My precious baby dissolved in full-hearted weeping in my arms.  This may be the first time (but surely not the last) that something he really wanted to do didn’t come easily for him.  I just held him and held him, and told him that if he really wants to learn the clarinet, he will learn it.

Oh the perfectionism.  Wonder where he got that.

Sunnyside up

June 6, 2009

I have been pondering optimism and, in particular, why some people have it and some don’t.  I have never been very optimistic — more of an Eeyore, as certain of my readers have already heard me say more than a few times.  Even when things have been going well in my life, I’ve never been a particularly sunny character.  It’s not that I’m always as much of a drag as I have been lately (thank G-d for my sense of humor!) but more that I have a tendency, even in good times, to notice the flaws.  Even the tiny ones.  They don’t necessarily ruin it for me, but I can’t not notice them.

Is this tendency hard-wired, or is it a habit?  I’ve always fallen back on the notion that it must be hard-wired, because I always eventually revert to it, despite any efforts I might make to cultivate a half-full glass.  My mother has the same tendency to notice flaws, and it’s something we’ve fought about for years — especially when the tiny flaws she can’t abide are mine.  Knowing that I grew up under that kind of influence makes me think that even if it is a habit, it’s a habit of 41 years’ making, which can’t be easy to undo.
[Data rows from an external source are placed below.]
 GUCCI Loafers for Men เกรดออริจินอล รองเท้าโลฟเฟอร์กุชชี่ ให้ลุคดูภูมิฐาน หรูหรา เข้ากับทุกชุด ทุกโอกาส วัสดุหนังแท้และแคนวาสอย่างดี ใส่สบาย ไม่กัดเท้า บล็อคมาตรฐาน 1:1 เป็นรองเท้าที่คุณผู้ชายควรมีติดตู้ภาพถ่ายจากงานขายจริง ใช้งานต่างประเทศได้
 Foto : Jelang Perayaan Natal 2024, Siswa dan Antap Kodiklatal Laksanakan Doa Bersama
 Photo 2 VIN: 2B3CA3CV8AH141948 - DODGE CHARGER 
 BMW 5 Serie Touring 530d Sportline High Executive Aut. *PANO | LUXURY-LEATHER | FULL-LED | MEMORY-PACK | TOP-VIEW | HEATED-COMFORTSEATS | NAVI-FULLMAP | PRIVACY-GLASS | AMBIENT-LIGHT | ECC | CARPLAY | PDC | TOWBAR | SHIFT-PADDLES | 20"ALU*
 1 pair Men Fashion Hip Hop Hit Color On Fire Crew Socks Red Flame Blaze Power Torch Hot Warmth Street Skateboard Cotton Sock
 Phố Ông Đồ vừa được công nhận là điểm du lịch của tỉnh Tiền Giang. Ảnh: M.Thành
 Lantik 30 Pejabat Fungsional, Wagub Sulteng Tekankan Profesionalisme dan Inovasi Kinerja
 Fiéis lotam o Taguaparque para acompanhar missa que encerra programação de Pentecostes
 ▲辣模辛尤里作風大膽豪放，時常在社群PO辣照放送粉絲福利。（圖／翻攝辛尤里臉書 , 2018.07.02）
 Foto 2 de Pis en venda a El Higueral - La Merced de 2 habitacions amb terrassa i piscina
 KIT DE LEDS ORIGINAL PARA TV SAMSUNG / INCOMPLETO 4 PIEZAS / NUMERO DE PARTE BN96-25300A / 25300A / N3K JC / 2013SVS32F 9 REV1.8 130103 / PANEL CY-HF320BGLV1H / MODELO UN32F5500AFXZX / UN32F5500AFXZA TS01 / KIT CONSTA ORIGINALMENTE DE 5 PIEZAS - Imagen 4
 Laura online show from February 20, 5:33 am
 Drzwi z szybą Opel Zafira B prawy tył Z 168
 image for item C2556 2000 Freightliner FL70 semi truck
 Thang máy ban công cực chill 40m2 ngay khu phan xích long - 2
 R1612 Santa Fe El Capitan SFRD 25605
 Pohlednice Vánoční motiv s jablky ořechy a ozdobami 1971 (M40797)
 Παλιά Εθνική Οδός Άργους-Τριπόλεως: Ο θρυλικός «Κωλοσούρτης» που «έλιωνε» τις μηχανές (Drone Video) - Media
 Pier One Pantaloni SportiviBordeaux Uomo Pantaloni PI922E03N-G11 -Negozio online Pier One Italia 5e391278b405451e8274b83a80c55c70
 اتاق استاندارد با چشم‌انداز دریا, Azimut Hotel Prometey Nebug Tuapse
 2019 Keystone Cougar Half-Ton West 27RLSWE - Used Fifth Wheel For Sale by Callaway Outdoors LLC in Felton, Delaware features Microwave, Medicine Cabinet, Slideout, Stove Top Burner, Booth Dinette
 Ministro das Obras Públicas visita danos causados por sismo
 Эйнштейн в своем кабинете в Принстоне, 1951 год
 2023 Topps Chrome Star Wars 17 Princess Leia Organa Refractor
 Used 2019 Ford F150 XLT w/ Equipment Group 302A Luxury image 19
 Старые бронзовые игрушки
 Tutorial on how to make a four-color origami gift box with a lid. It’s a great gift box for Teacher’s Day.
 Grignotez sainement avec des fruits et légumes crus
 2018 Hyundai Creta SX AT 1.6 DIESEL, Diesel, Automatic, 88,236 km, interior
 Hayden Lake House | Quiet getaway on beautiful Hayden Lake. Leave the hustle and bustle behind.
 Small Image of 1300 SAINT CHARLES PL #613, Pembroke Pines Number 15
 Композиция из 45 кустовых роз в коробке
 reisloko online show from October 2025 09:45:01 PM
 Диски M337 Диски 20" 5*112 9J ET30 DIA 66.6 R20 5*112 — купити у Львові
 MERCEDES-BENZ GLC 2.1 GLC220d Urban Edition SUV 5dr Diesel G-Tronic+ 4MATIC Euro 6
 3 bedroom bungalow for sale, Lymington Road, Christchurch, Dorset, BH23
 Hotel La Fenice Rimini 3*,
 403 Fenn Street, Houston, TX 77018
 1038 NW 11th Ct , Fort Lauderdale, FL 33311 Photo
And yet.  I have a colleague with whom I performed several years ago, a person of enormous gifts who was also enormously troubled.  He was angry, dark, and profoundly cynical both times we worked together.  I saw him again recently when he was in town for an event at the theatre we worked at, and was struck by how changed he is.  He’s gotten sober, gotten engaged, gotten happy.  When I looked in his eyes, I saw something I never expected to see there: peace.  I emailed him about it and we had a brief exchange about the changes in his life and attitude.  He admitted that it’s hard to keep a positive attitude, but that it’s worth the effort.  From anyone else I’d dismiss such a platitude, but from him it demands attention.

He wrote to me that the important thing was to keep trying, that aiming at the target was a habit I could cultivate.  He specified (knowing me well, perhaps) to forget the bulls-eye and aim only for the target.

I like to think that I really want to be more sunny and optimistic — if not for myself, then for my poor kids, who are suffering so much in this ordeal on account of my inability to keep it together.  And yet, I keep wondering, while I’m aiming at the target, “What do I do with the way I really feel?”